- Born: December 24, 1913 Chicago, Illinois, U.S.
- Died: March 22, 1985 (aged 71) Sarasota, Florida, U.S.
- Known for: Co-owner of Chicago White Sox
- Relatives: John Allyn (brother)

= Arthur Allyn Jr. =

American baseball team owner (1913–1985)

Arthur Allyn Jr. (December 24, 1913 - March 22, 1985) was the co-owner of the Chicago White Sox of the American League with his brother John Allyn from through . A few years after purchasing the franchise from Bill Veeck, Allyn tried to sell the team to a number of different parties, including Lamar Hunt and Bud Selig (who planned to move the team to Milwaukee, Wisconsin), before selling his share of the White Sox to his co-owner and brother John. Allyn also owned the Chicago Mustangs soccer club that was a charter member of the United Soccer Association in 1967. The Mustangs became part of the newly formed North American Soccer League the following year after merging with the NPSL.
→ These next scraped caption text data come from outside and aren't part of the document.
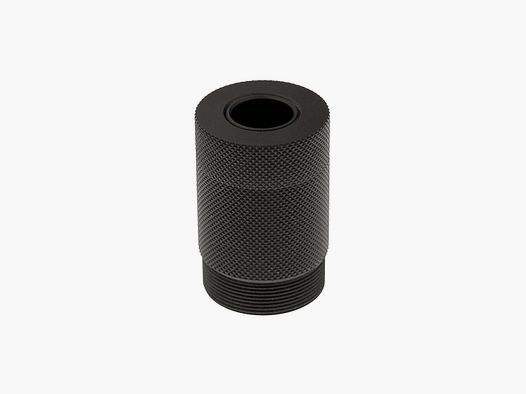 AEA Silencer Adapter | HP MAX & HP MAX 2 | Challenger BULLPUP .357/.45/.50 | BLACK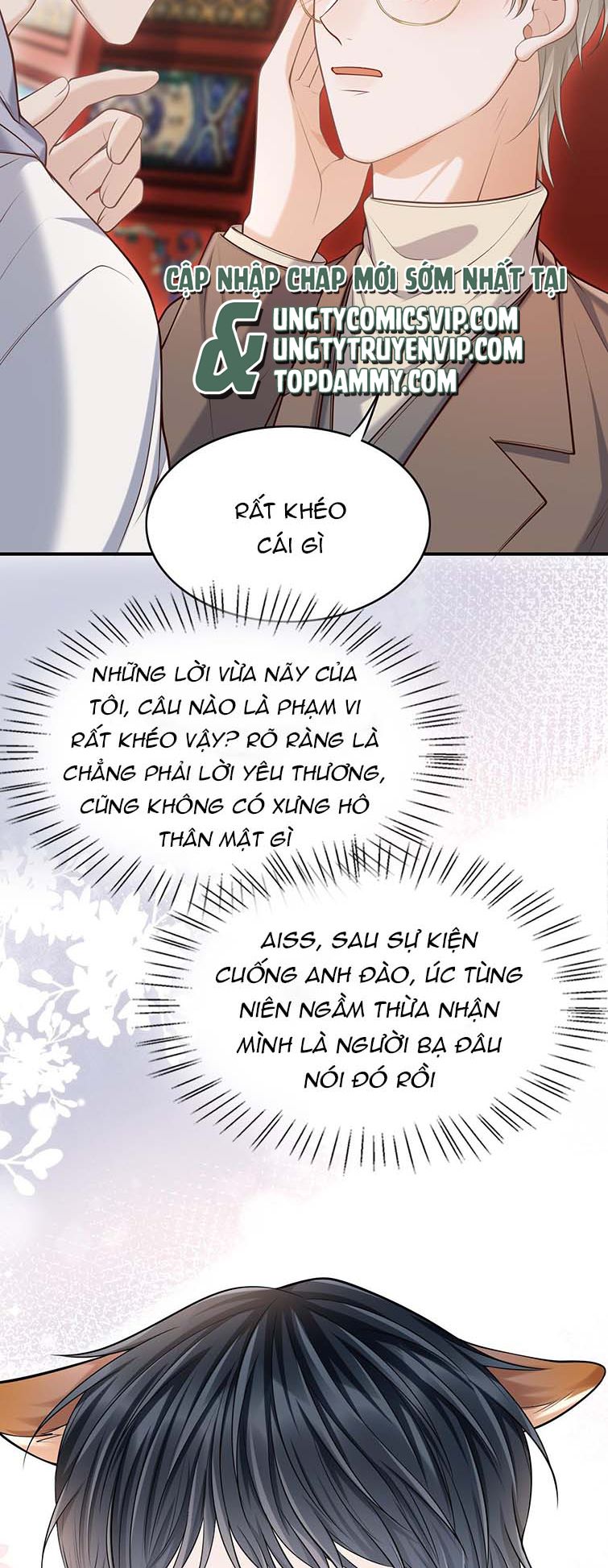 Để Tâm Chapter 24 - Trang 3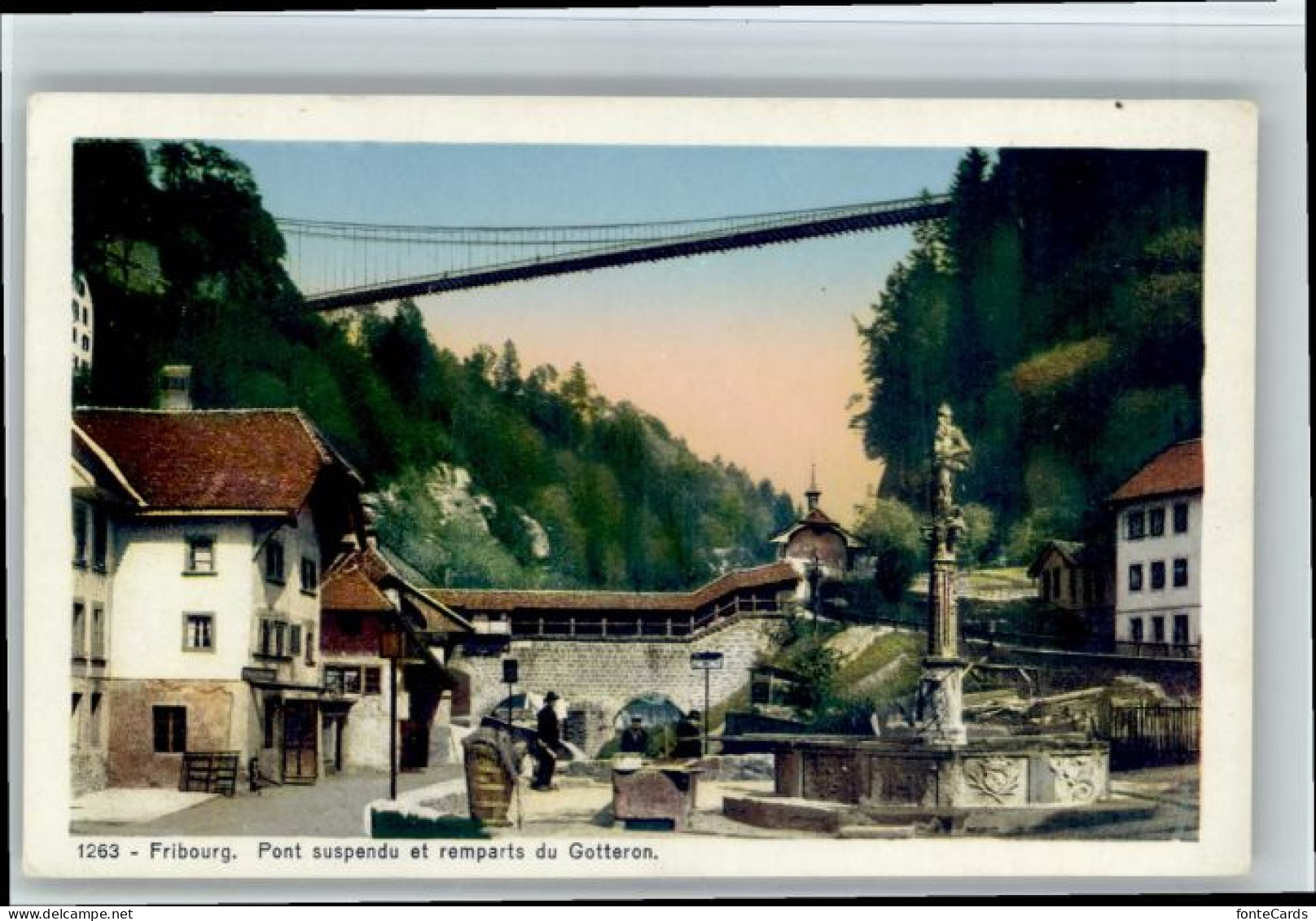 10718944 Fribourg FR Fribourg  * Fribourg - Sonstige & Ohne Zuordnung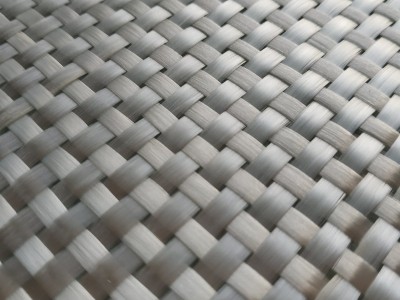 平纹布生产型号齐全，方格布出口手糊玻璃钢布粗纱布EWR600图3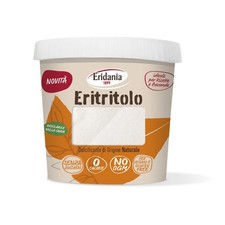 Eritritolo dolcificante origin usato  Italia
Allyn was a lepidopterist who established the Allyn Museum of Entomology of which he had its assets and collections transferred to the University of Florida on 9 February 1981. Originally located in the Sarasota Bank and Trust Company Building from its inception in 1968 until its move to a new building next to Sarasota Jungle Gardens on 15 March 1973, the museum has been a part of the McGuire Center for Lepidoptera and Biodiversity since the facility opened in 2004.

== Personal life ==
Arthur Allyn graduated from Dartmouth College in 1935 and was a member of the Sigma Chi fraternity. He received the "Significant Sig" award from the fraternity in 1969.